__TASK TO COMPLETE__: Search the records for the string "vector", and show each line where it appears.

★ ★ ★ ★ ★

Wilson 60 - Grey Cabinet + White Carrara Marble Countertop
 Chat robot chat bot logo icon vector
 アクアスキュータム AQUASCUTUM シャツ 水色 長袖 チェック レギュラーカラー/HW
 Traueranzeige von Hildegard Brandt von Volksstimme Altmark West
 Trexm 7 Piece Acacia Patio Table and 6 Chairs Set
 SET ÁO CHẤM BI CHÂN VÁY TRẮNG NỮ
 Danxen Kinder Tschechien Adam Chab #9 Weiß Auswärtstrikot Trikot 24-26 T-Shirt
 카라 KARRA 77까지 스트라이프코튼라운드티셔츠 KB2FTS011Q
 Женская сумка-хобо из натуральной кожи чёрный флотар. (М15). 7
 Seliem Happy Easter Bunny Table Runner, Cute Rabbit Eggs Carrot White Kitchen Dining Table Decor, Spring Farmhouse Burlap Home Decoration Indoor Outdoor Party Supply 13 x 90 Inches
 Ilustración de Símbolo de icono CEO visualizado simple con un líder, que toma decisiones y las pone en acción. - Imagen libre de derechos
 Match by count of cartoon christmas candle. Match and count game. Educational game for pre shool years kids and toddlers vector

★ ★ ★ ★ ★

__THE COMPLETED TASK__:
 Chat robot chat bot logo icon vector
 Match by count of cartoon christmas candle. Match and count game. Educational game for pre shool years kids and toddlers vector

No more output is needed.